We believe deeply that using volunteers for things is the right course of action first before we do mobilization, and I think we've had a lot of discussion over the last few months about this mobilization and volunteerism and I can talk to you a long time about it, but I have some definite ideas about how we do this.
I think it is smart, first, to fill requirements with those who want to volunteer, because we're able to do that and do it for a long period of time, and not use up a capability fast. And when you get to where you got--don't have enough volunteers, then you mobilize people.
I'll later talk about this with respect to our C-130 business. We are about to run out of the entire mobilization capability in our C-130 world, and there are people that are worried about it. I' m not quite as distraught about it as some people, because I think we can get there through volunteerism and through using them in the AEF construct. I'm going to hold that discussion for a little bit later.
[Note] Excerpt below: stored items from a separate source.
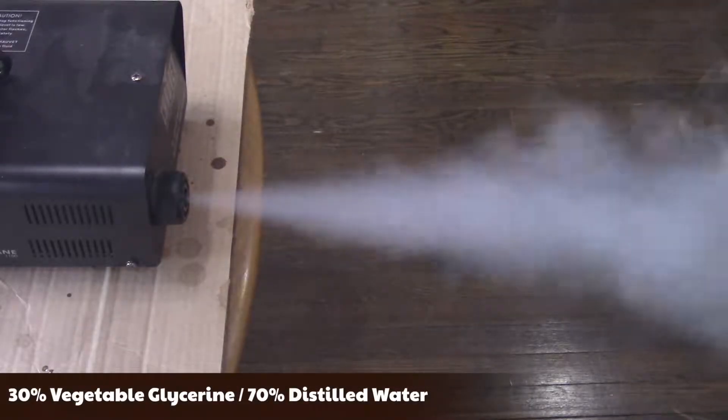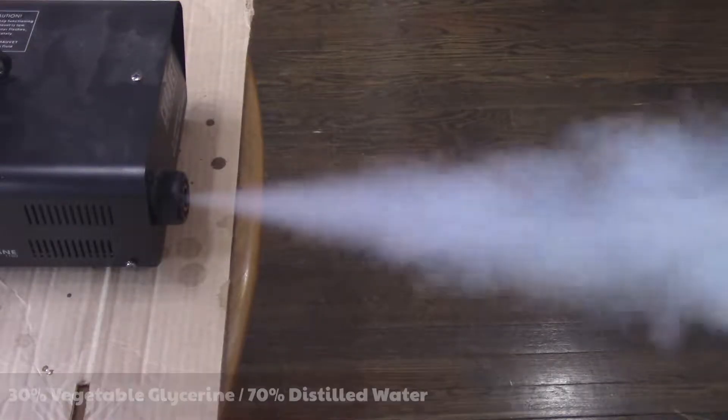The second attempt is 30% glycerin and 70% water. As you can see, the smoke is thicker.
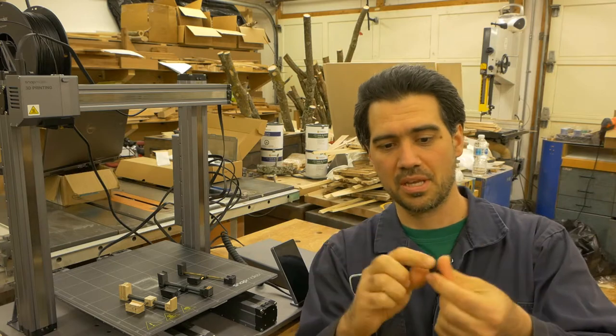Hello and welcome to my workshop. In this video I will talk about the story of these little parts and how the Snapmaker made it happen.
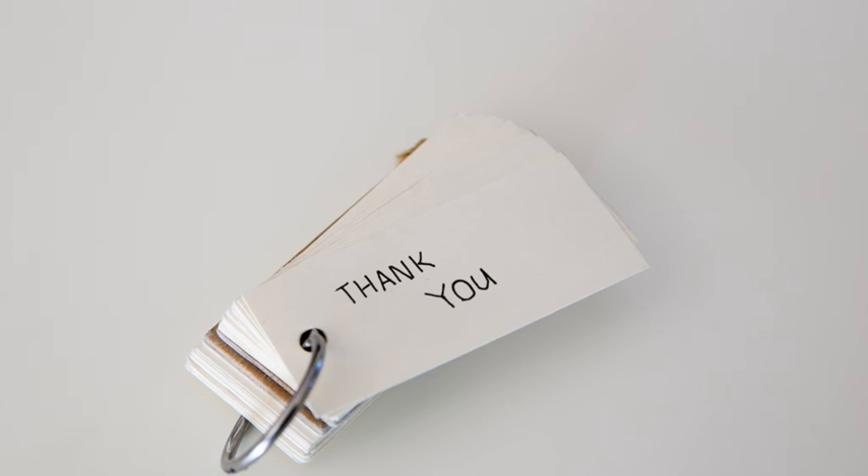If you have any other questions regarding this topic, we have a lot of useful resources in our blog. You can find the link to it under the video. Thank you so much for watching.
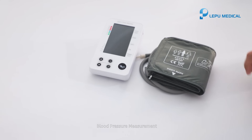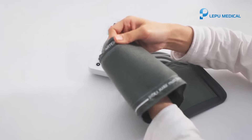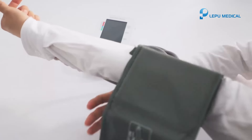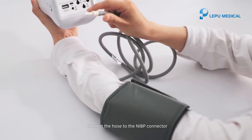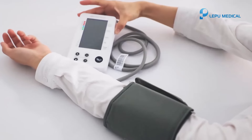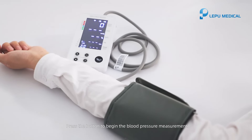Blood pressure measurement. Apply the cuff and wrap it around the upper arm evenly to the appropriate tightness. Connect the hose to the NIBP connector. Press the button to begin the blood pressure measurement.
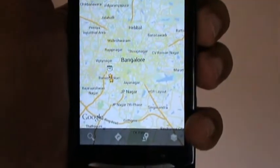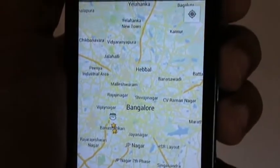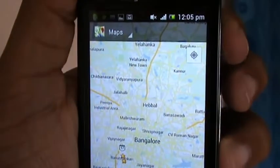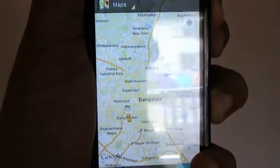Hey, we'll see how to take a screenshot on an Android phone. Mine is a Sony Ericsson Xperia phone and I have Google Maps running. All you have to do is press the power button and volume down button at the same time — just press and hold both of them together for about 2 seconds.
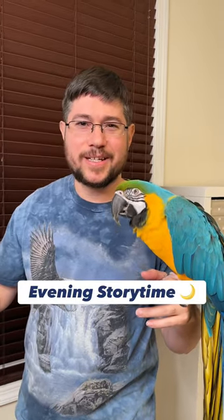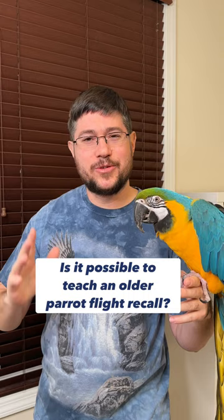Welcome to Evening Storytime. I'm Michael the Parrot Wizard, Rachel the Blue and Gold Macaw, and this is a time to answer some of your questions. Is it possible to teach an older parrot to fly on command — flight recall? That's a great question.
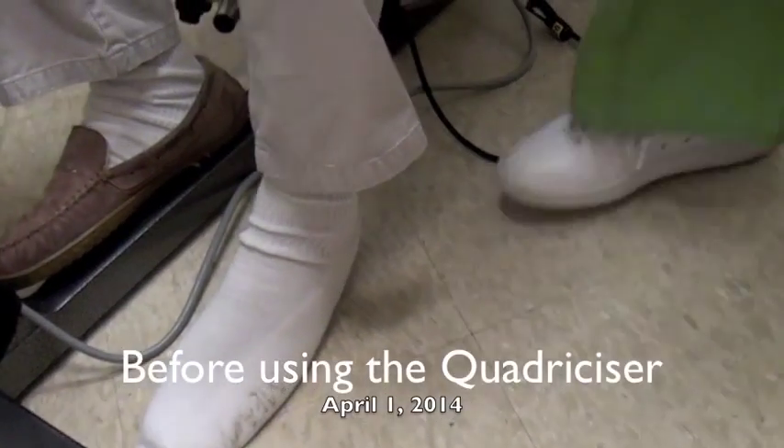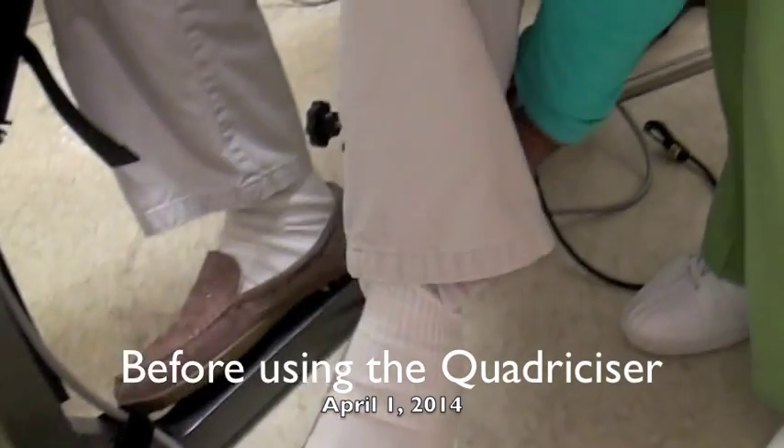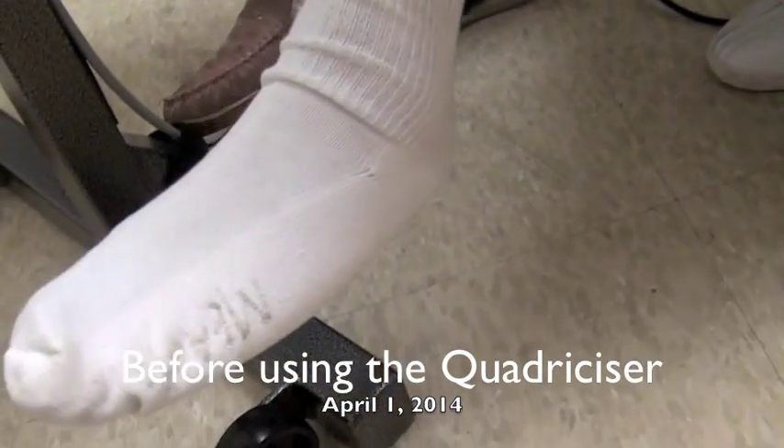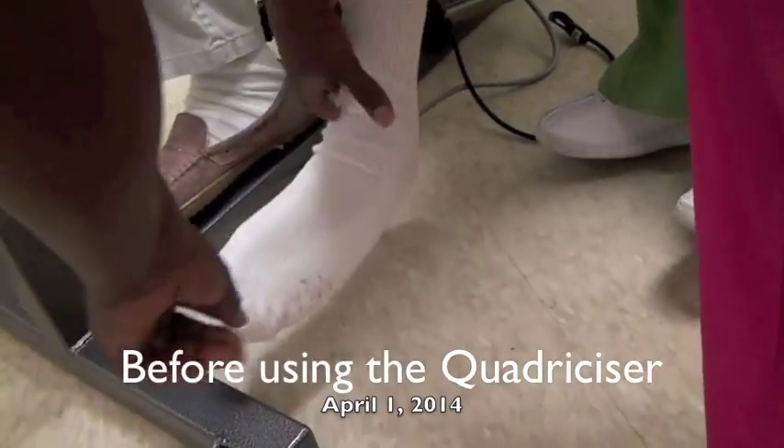Put up and show us how stiff it is. I just want to show you it's gonna be limber when he gets through. You can't even straighten his leg up. It just don't move. No, it is stiff, isn't it?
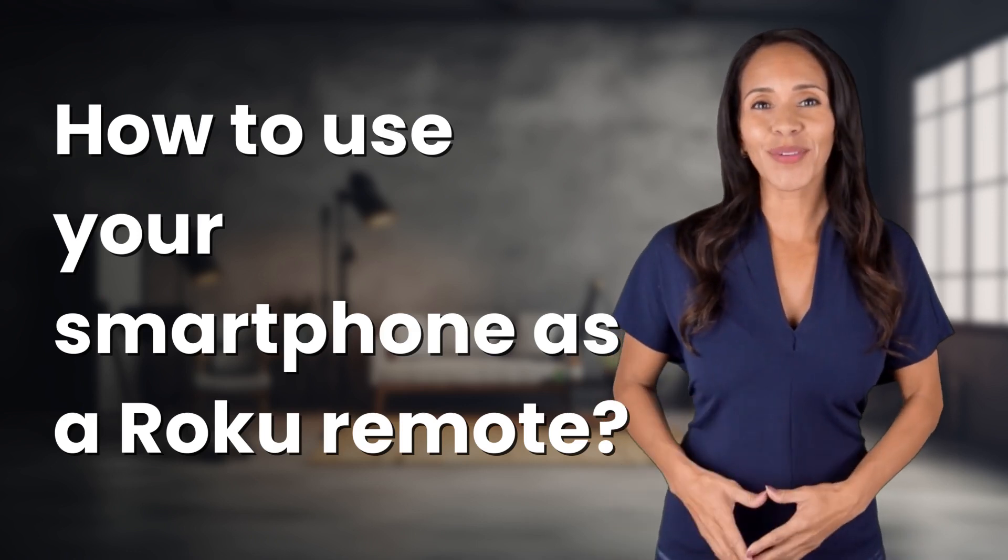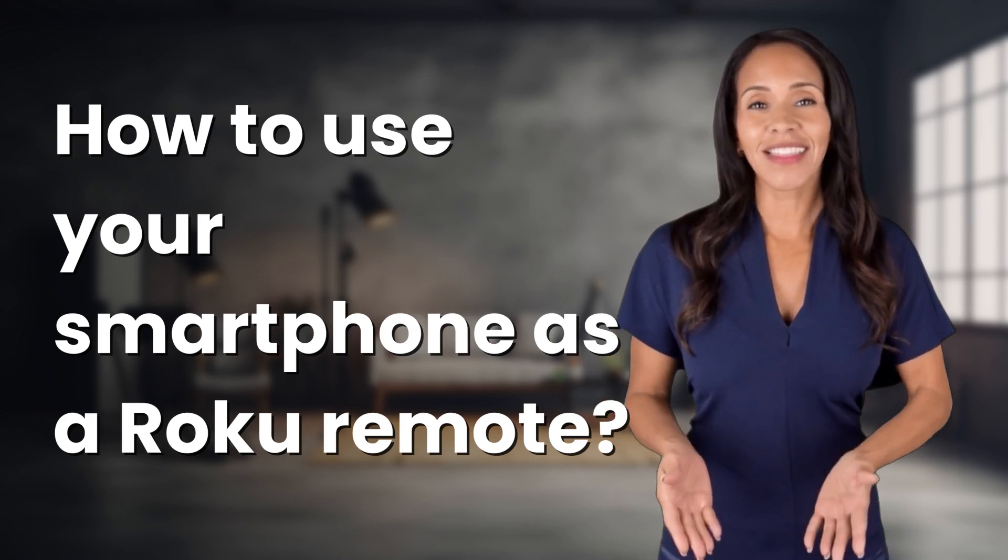Hey curious minds! Ready to turn your questions into knowledge? Let's dive in!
But that is one of the examples which I'll use in describing this. The AEF I think was a brilliant idea for our Air Force several years ago, and we've implemented it very, very well I think. There are a couple of examples of where perhaps we could do some things differently, but I think the key element as far as the Reserve and the Guard are concerned in participating in the AEF is we've signed up for a certain amount that we are committed to, and I want to do that much and more every time. But I need to have the flexibility to rotate people. I will discuss that a little bit more later as well, and then we need to continue to have the best people and equipment we can have.
We need to keep our equipment modern and compatible with the rest of the Air Force so that we can conduct missions that are needed. So if when the Air Force needs X number of F-16s to go to Balad, Iraq, to fly close air support for the Army and the Marines or when they need A-10s to go to Bagram, Afghanistan, we need the right systems on those airplanes so that we're compatible with the active force, and we're working hard to stay--to keep that compatibility. And, in fact, we make a lot of improvements to our systems and that modernization effort for us is very, very important. Sometimes we find some very innovative and economical solution to those problems--and we could talk about those if you're interested--to keep ourselves modernized and compatible. So those are important parts of maintaining this operational Reserve. Next slide.
The challenges that we face. As I said in the opening, the base closure process was not something we asked for, but, you know, we're part of the Air Force, and we're part of DoD, and all of us participated in this business. I don't like base closure any more than anyone else. I may have talked about this a little bit last year. I've participated in this business a whole lot over the years. The base I was commander of, a wing I was commander of and the base on which I was serving in 1991 was announced for closure while I was there in the middle of an ORI. That was a lot of fun.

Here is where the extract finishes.